Three graduates of the University of Southern California who are accusing the school of inflated program rankings have filed a class action lawsuit against the school.

The complaint filed by plaintiffs Lola Favell, Mariah Cummings, and Sue Zarnowski on December 20 alleged that USC manipulated and inflated the rankings for its Rossier School of Education program. The lawsuit names USC’s business partner 2U, which the plaintiffs claim conspired with the private university to mislead prospective students and deceive them into applying for the program, which ranks high in costs.

According to the lawsuit, the university and 2U “aggressively advertised USC Rossier’s fraudulent rankings to grow enrollment in the school’s online programs.”

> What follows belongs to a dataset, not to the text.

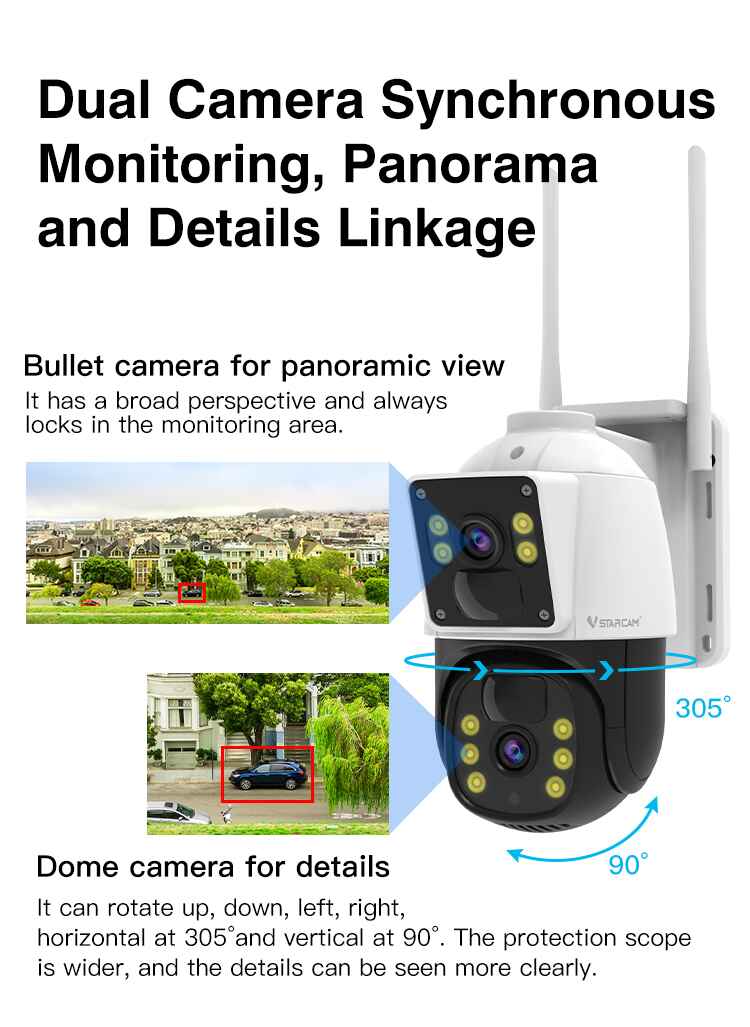 Vstarcam Dual Lens (BG66) 4G SIM Solar Battery Camera with 2Way Audio and Auto Tracking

USC has partnered with 2U, a company that creates online programs for schools, since 2008. That was about the time the school allegedly began to submit erroneous and misleading information to the US News & World Reports, known as “the single most referenced source of school prestige and academic standing” for prospective students.

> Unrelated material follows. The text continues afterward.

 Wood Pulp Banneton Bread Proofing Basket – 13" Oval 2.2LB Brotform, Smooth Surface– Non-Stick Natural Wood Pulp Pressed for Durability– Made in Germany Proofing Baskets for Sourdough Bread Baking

The complaint alleges that the prestigious private university only listed a small percentage of data about doctoral students on campus in its promotion of online programs rather than data on all of the school’s graduates, including those listed in online programs. Using this alleged method of “cherry-picked” data, USC Rossier was able to surge in ratings from 2008 till 2021.

“The fraud paid off: between 2008 and 2009, USC Rossier vaulted from #38 to #22. In the years that followed, USC Rossier jumped even further, consistently landing in the top 20, ultimately soaring to an inflated high of #10 in 2018—all while USC Rossier’s online offerings and enrollment expanded,” the lawsuit reads.

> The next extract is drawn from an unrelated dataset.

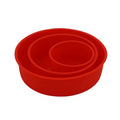 Set of three red round silicone cake baking moulds in 4-inch, 6-inch, and 8-inch sizes.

The doctored rankings were also reportedly advertised on the school’s official website and social media accounts.

The plaintiffs picked issue in the defendant’s failure to disclose to those interested in the programs that the ranking was based on a select portion of the school’s in-person degree programs.

The three former students who claimed that they accumulated student debt to enroll in the program said that they would not have taken loans if they had known the correct ranking of the programs. According to them, they each took out between $41,000 and $100,000 in student loans for USC Rossier’s teaching degrees.